El chino Antonio tenía un puesto en el barrio. Desde casi una cuadra el olor a majúas y pescado frito, a frituras de malanga y bacalao, a bollitos de carita y a maní recién tostado nos hacía la boca agua y nos atiborrábamos de ellos en una época en que si alguien mencionaba la palabra colesterol, pensábamos que se trataba de un detergente para fregar.
Antonio era un chino ya mayor de edad, más bien alto y robusto; algo muy extraño, puesto que la mayoría de los chinos son bajitos y flacos. Llevaba muchos años en Cuba y chapurreaba bastante bien el español. Era muy buena persona y conocía a todos los marchantes de la barriada por sus nombres, pero refunfuñaba en chino cuando lo molestaban, lo que hacía las delicias de los muchachos, que frecuentemente lo hacíamos víctima de alguna trastada para oirlo pelear en chino. Muchos juraban que nos decía “tunia ma cajá kalinbambó”, que era como mentarnos la madre en el idioma de Confucio, pero eso no era chino ni la cabeza de un guanajo y no creo que Antonio fuera capaz de hacerlo.
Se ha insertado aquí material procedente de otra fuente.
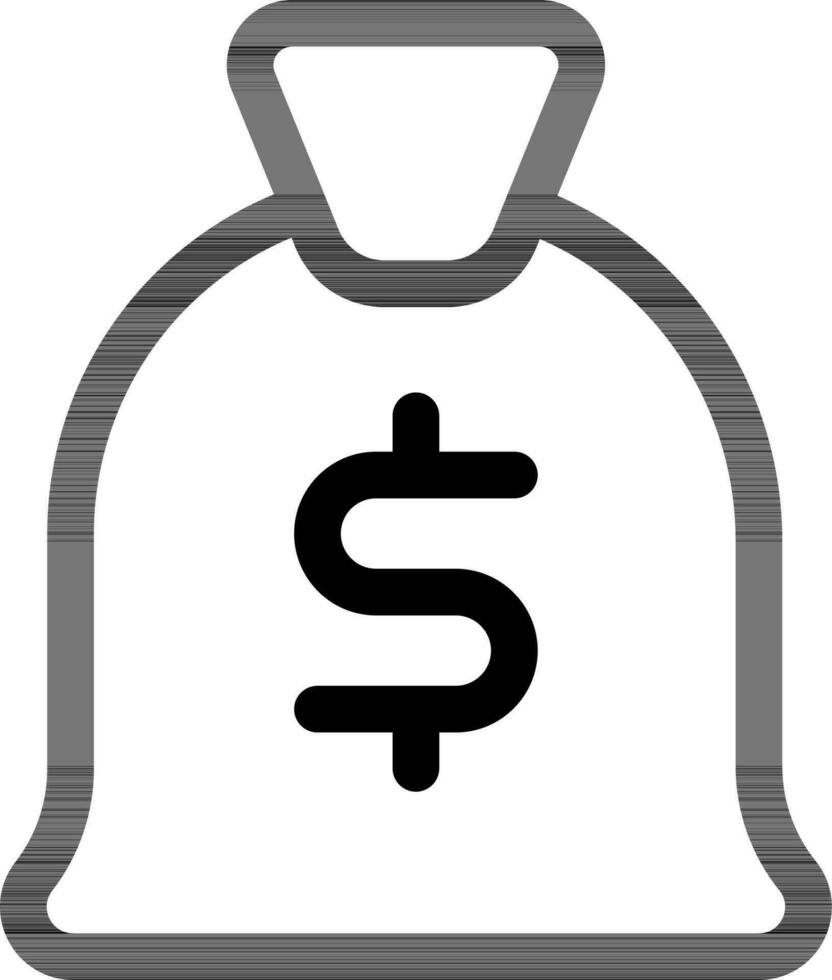 plano estilo dólar bolso icono en negro línea Arte. vector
Un par de días después de la pillería si alguno de nosotros llegaba muy serio al puesto, como si nada hubiera pasado, a comprar frituras de bacalao, Antonio lo miraba con el ceño fruncido y le decía: “Tú son malo. Yo vigila pa ti...”, pero con una sonrisa pícara echaba una fritura de más en el cartuchito de papel. Todos queríamos al chino Antonio.